Zhou Guanyu struggled on slicks as well to qualify 15th, with fellow Singapore newbie Schumacher qualifying 12th. The big shock in this session was the loss of George Russell, with the Mercedes man never looking comfortable throughout the session, as he missed out on the top 10 for the first time since the Miami GP. The Brit will start tomorrow from 11th.
The majority of the field chose soft tyres in Q3, apart from Tsunoda and Magnussen who stuck with the intermediates. This briefly looked like the best call, as the majority of the slick-shod runners struggled to get their tyres up to temperature. All except Lewis Hamilton, who was two seconds faster than the next soft tyre runner after the first laps in qualifying. Staying out on the circuit to keep the temperature in the tyres was the best tactic, as Leclerc, Hamilton and Fernando Alonso traded times at the top of the order.

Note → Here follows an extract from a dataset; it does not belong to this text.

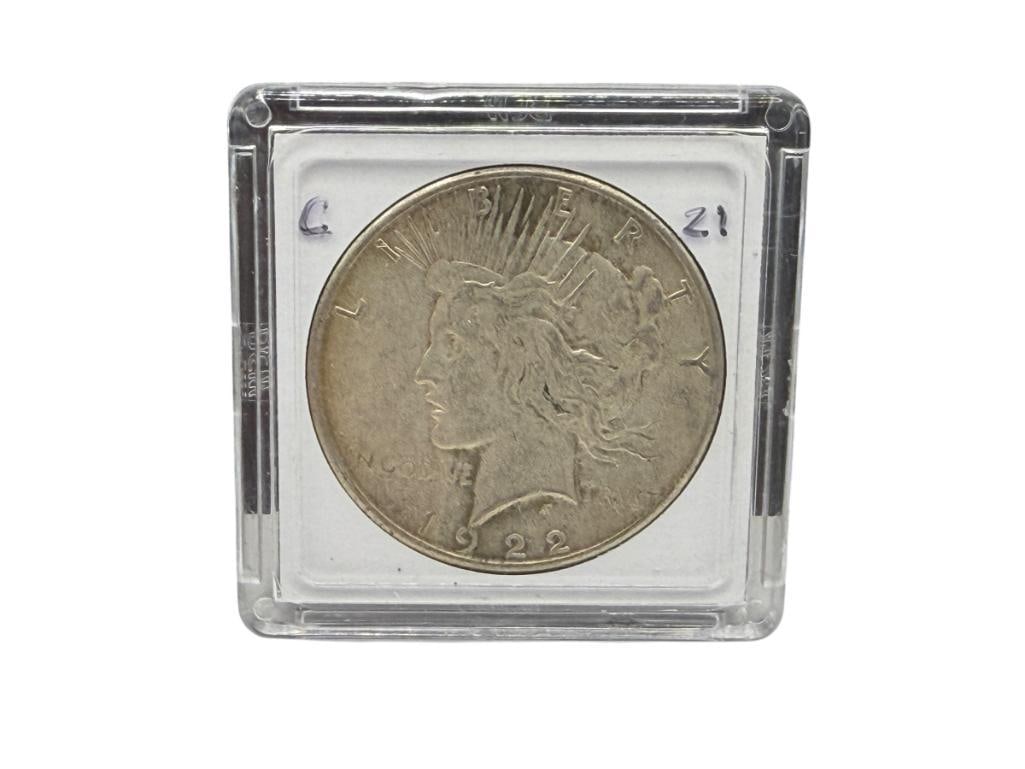 1922-S U.S. PEACE SILVER DOLLAR: 90% SILVER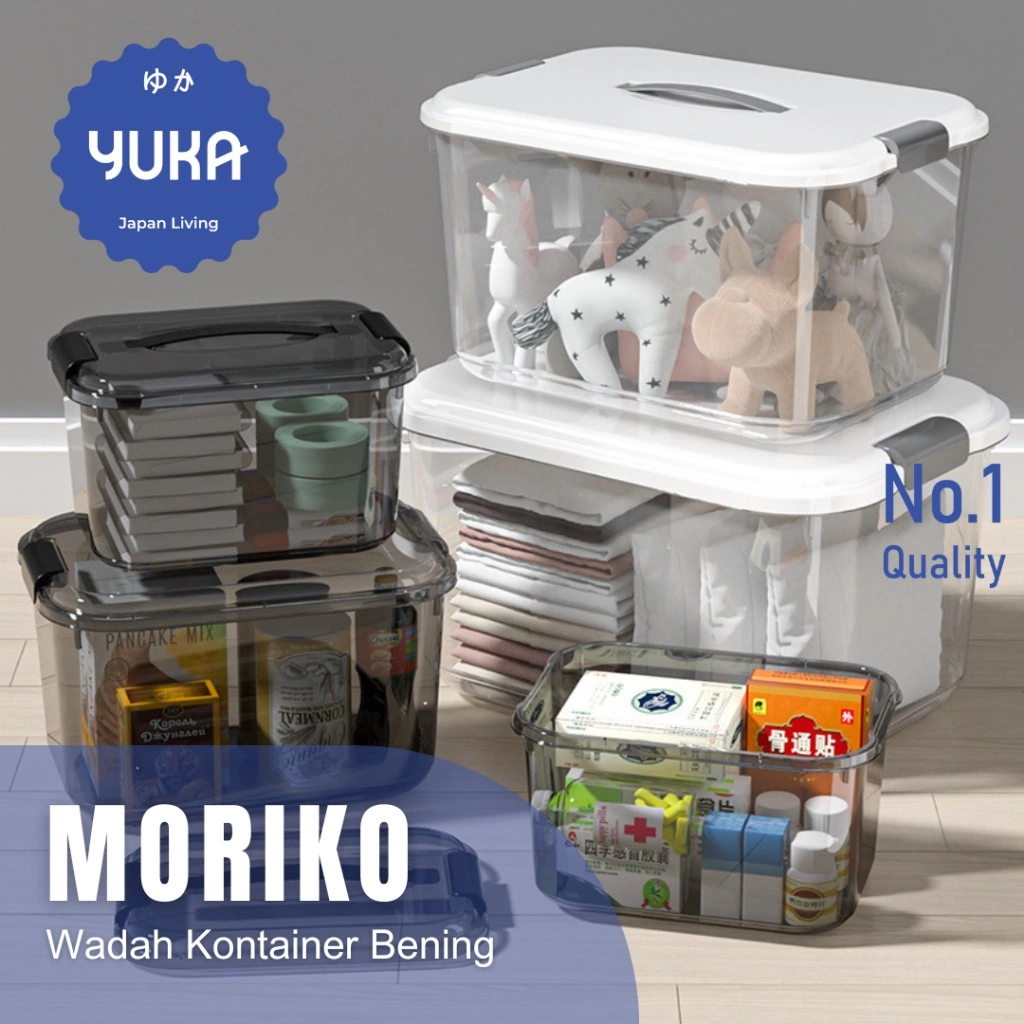 YUKA - MORIKO Wadah Kontainer Box Bening Minimalis Wadah Storage Pakaian Estetis Storage Box Alat Kotak Simpan Mainan Perlengkapan Kotak Buku Transparan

Leclerc managed to set a 1:49.412 on his penultimate run in qualifying, a time which would not be bettered. Perez and Hamilton both came close, but it was Verstappen who twice looked as though he was on the way to taking his fifth pole position of the season. Despite a lap which looked scruffy at times, he was nearly a second up on Leclerc’s time before being told by the team to box immediately, a decision which infuriated the championship leader. This was after he had backed off on a previous lap which would also have been good enough to challenge for the front two rows of the grid. It is likely that continuing on his final run would have led him to run out of fuel, meaning the Dutchman would have been unable to provide a fuel sample, thus starting from the back of the grid.
The end result of this qualifying session is that Verstappen needs a crazy race tomorrow if he is to secure the championship with five rounds to go, on what has been a difficult weekend for Red Bull as both themselves and Aston Martin have been accused of breaching cost cap regulations.
Verstappen has won from lower than eighth though in two of the last four races, however, so it wouldn’t be a surprise to see him take his twelfth victory of the season and move one step closer to a second successive championship tomorrow.